Answers — sample responses + marking notes

1.1 — ∫ (x³ + 4x² − x)/x² dx (3 marks)

Sample response. (x³ + 4x² − x)/x² = x + 4 − x⁻¹. ∫(x + 4 − 1/x) dx = x²/2 + 4x − ln|x| + C.

Marking notes. 1 mark — correct rewriting as a sum of powers (recognises the 1/x = x⁻¹ term). 1 mark — power-rule integration of the polynomial terms x²/2 + 4x. 1 mark — correctly handles the 1/x term as −ln|x| (with absolute value) and includes + C. Common error: writing the 1/x term as x⁰/0, which is undefined — this should score 2/3 maximum.

1.2 — ∫ (√x + 1/√x)² dx (3 marks)

Sample response. (√x + 1/√x)² = x + 2 + 1/x. ∫(x + 2 + 1/x) dx = x²/2 + 2x + ln|x| + C.

Marking notes. 1 mark — correct expansion (note the cross-term: 2 · √x · 1/√x = 2). 1 mark — integration of x and the constant 2. 1 mark — correctly integrates 1/x as ln|x| + C. Forgetting the cross-term 2 is the most common loss-of-mark.

1.3 — Curve through (2, 3) with dy/dx = 2x − 4/x² (4 marks)

Sample response.

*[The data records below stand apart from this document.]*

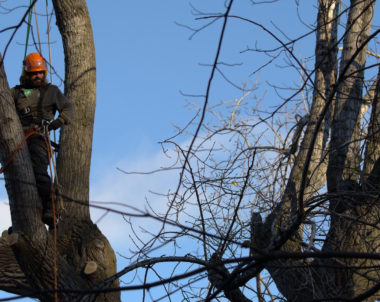 Magasiner un arboriculteur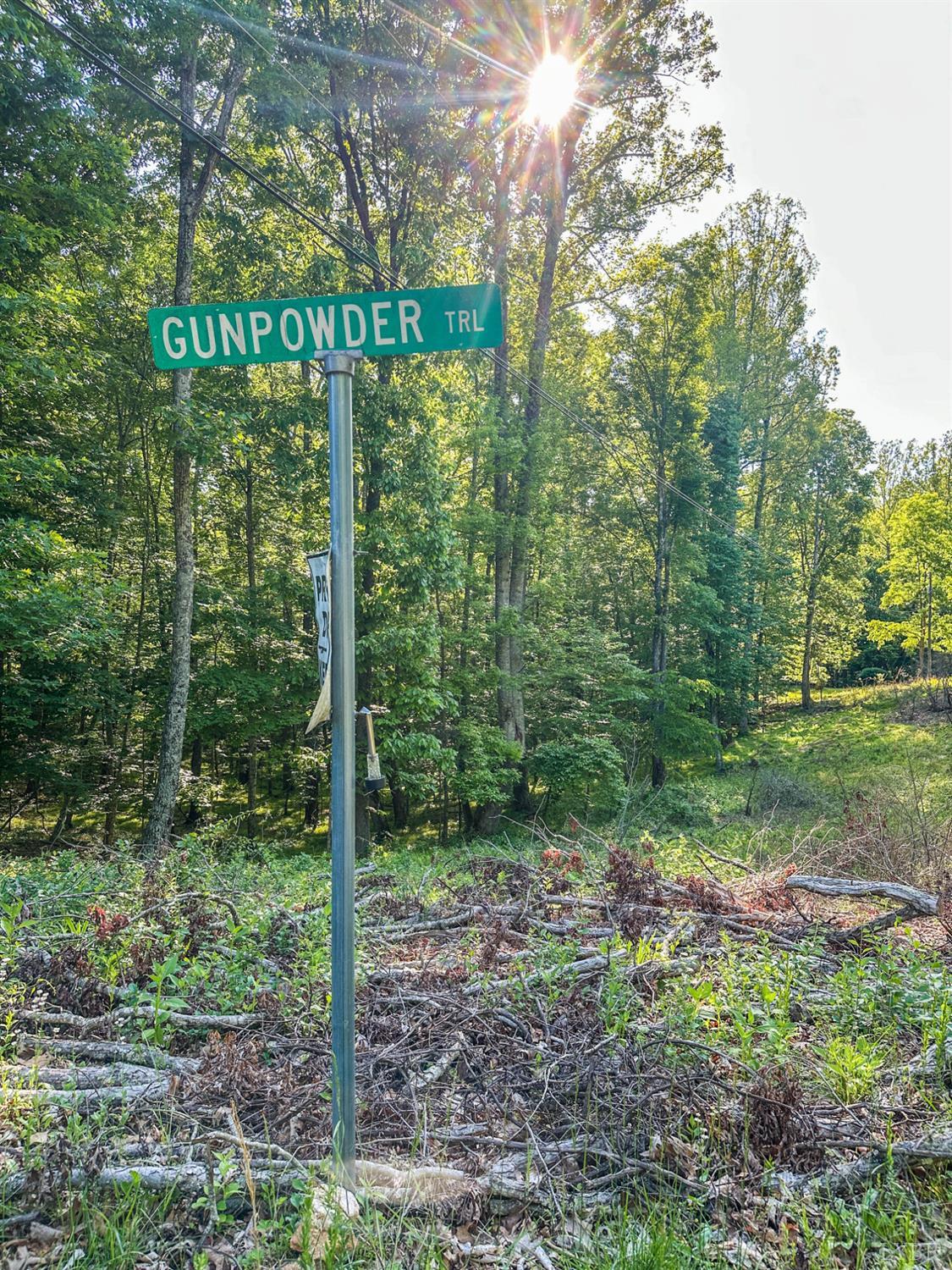 0 Gun Powder Trail Monroe, VA 24574 - Photo 7 of 33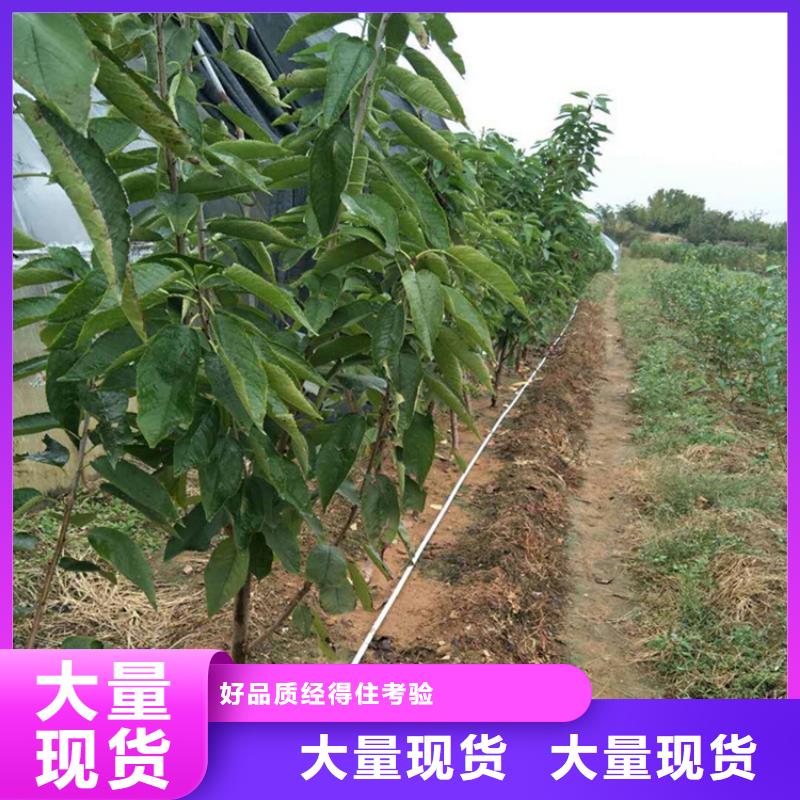 樱桃-草莓苗实拍品质保障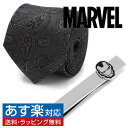 Marvel アイアンマン ペイズリー ネクタイ ネクタイピン セットアクセサリー メンズジュエリー ジュエリーギフト プレゼント お祝い 結婚式 礼服 結婚式 冠婚葬祭 ビジネス スーツ メンズ 男性 彼氏 夫 新生活 父の日 バレンタイン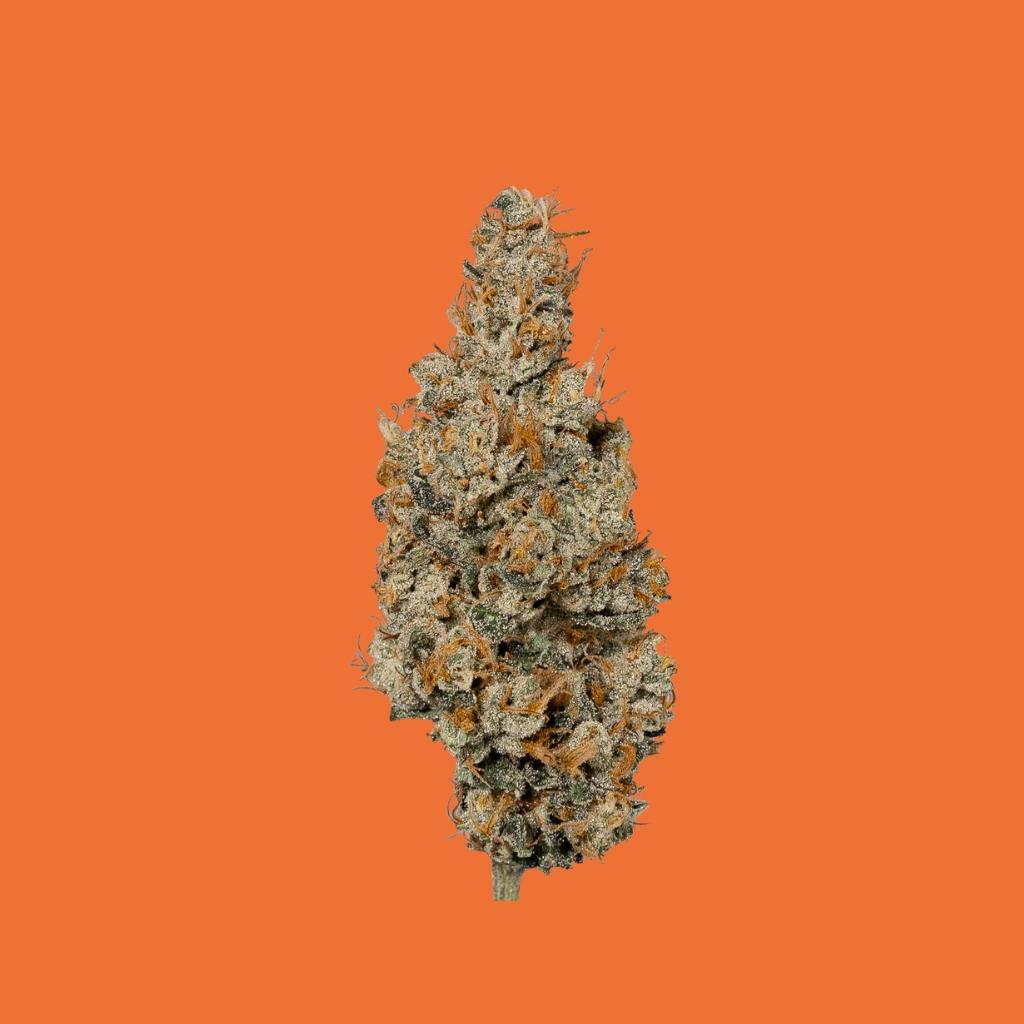 GMO THCA Products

Rewrite dy/dx = 2x − 4 x⁻². y = ∫(2x − 4 x⁻²) dx = x² − 4 · x⁻¹/(−1) + C = x² + 4/x + C. At (2, 3): 3 = 4 + 2 + C ⇒ C = −3. y = x² + 4/x − 3.

Marking notes. 1 mark — rewrites 4/x² in power form. 1 mark — correct antiderivative of −4 x⁻² as +4/x (sign from the negative exponent is the common slip). 1 mark — uses the point (2, 3) to solve for C. 1 mark — final stated equation. A response with the antiderivative form but wrong sign on the 4/x term should score 2/4.

2.1 — Extended response (7 marks): sample Band-6 response with annotations

Sample Band-6 response.

(a) V(t) = ∫ 6 t^1/2 dt = 6 · (2/3) t^3/2 + C = 4 t^3/2 + C. V(0) = 0 ⇒ C = 0, so V(t) = 4 t^3/2. [1 mark.]

(b) V(9) = 4 · 9^3/2 = 4 · 27 = 108 L. [1 mark.]

(c) Set 4 t^3/2 = 144. Then t^3/2 = 36. [1 mark — isolates correctly.]

Hence t = 36^2/3. Since 36^1/3 ≈ 3.302, t ≈ 3.302² ≈ 10.90 minutes. [1 mark — final time.]

(d) Time to 72 L: 4 t^3/2 = 72 ⇒ t^3/2 = 18 ⇒ t₇₂ = 18^2/3 ≈ 6.87 minutes. [1 mark.]

Test the claim: 2 × t₇₂ ≈ 13.74 minutes, but t₁₄₄ ≈ 10.90 minutes. Since 10.90 < 13.74, the time to fill 144 L is less than twice the time to fill 72 L — the claim is supported. [1 mark — quantitative comparison and clear conclusion.]

This is because the flow rate dV/dt = 6√t is increasing in t, so each successive litre arrives faster than the previous one; consequently doubling the cumulative volume takes less than double the time. [1 mark — links the result to the monotonicity of dV/dt.]

Total: 7/7.

Band descriptors for marker.

Band 3: Completes (a) and (b) only; little or no progress on (c)(d). ≈ 2 marks.

Band 4: Completes (a)(b)(c) but struggles with the algebra of t^2/3 in (c); attempts (d) without a quantitative comparison. ≈ 3-4 marks.

Band 5: All numeric parts correct; (d) gives the comparison but does not explain why the rate's behaviour drives the result. ≈ 5-6 marks.

Band 6: All parts complete, with (d) including both the numeric comparison (10.9 < 13.74) and the interpretation (increasing rate ⇒ later litres arrive faster ⇒ doubling takes less than double the time). 7/7.